Federal Court Says Part of Healthcare Law Is Unconstitutional
Matt | On 13, Dec 2010
There’s some big news on the healthcare front this Monday afternoon.
A federal judge in Virginia has struck down part of the healthcare law that Congress passed in March. The ruling in Virginia vs. Sebelius removes the requirement that people purchase health insurance by 2014. Opponents of the mandate cited the Commerce Clause in the Constitution saying that it doesn’t give the government the right to make people buy a commercial product (i.e., private health insurance).
At least 20 other states have joined in opposing the mandate as well.
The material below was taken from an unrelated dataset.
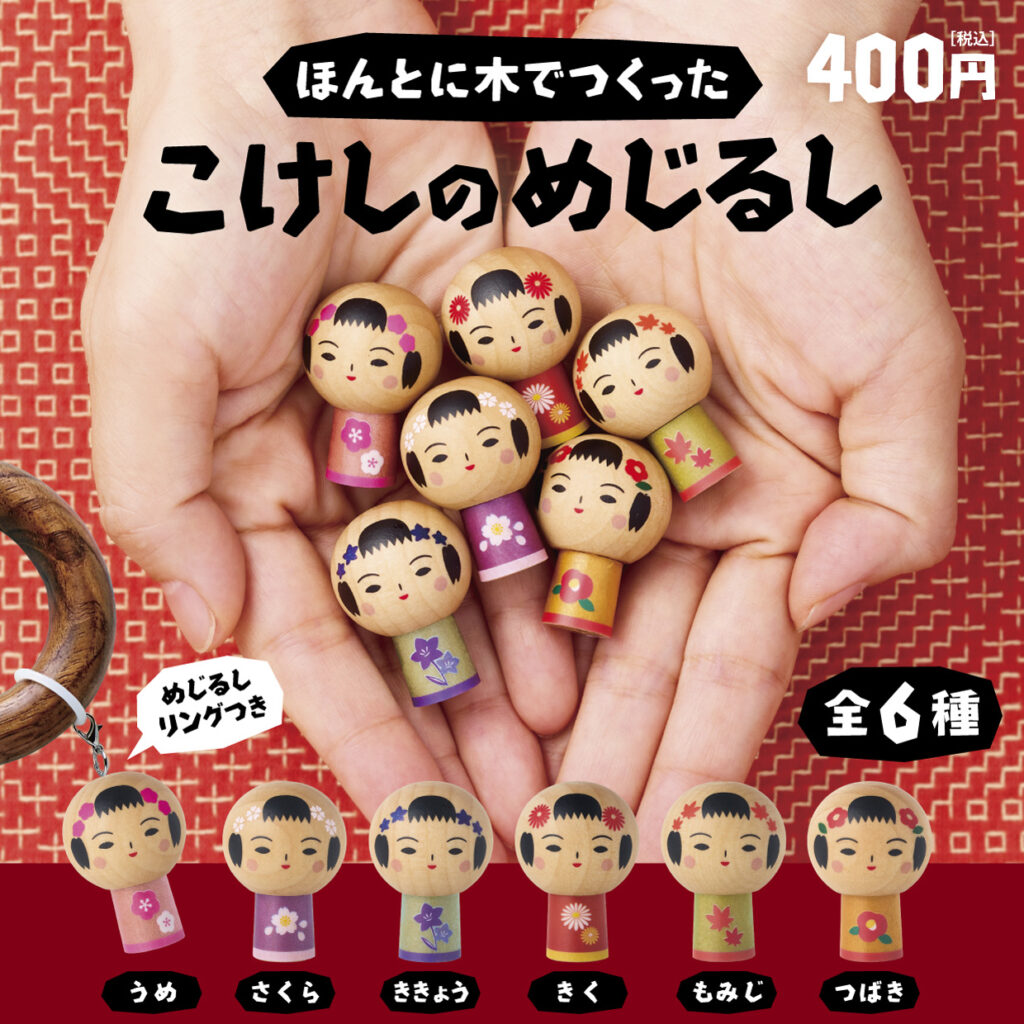 ほんとに木でつくった こけしのめじるし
Court challenges are underway in Michigan and Florida, in addition to today’s ruling in Virginia.
The “mandate” was part of the plan to add over 30 million new people to the healthcare system in 2014. This is significant because as more people are able to absorb the high-ass costs that we have, it brings down the costs for everyone. Something has to give because the industry has discounted a damn thing!
The GOP was strongly against the insurance mandate because they felt it worked against the “free market.” In my opinion, that’s bullshit because the free market has been raping our wallets for quite sometime. Judge Henry Hudson, who struck down the mandate provision, was an appointee of George W. Bush in 2002. So, you do the math.
What’s really “unconstitutional” is how 50 million Americans, or 1/6th of the population, do not have access to healthcare at all. But, it seems that efforts to correct that are “socialist” and they add to the national debt. But hey, we do kinda need those tax cuts for the rich! Bring ’em on… *side-eye*
The next stop in the fight will most likely be the U.S. Supreme Court. The Justice Department is already planning to appeal Judge Hudson’s ruling.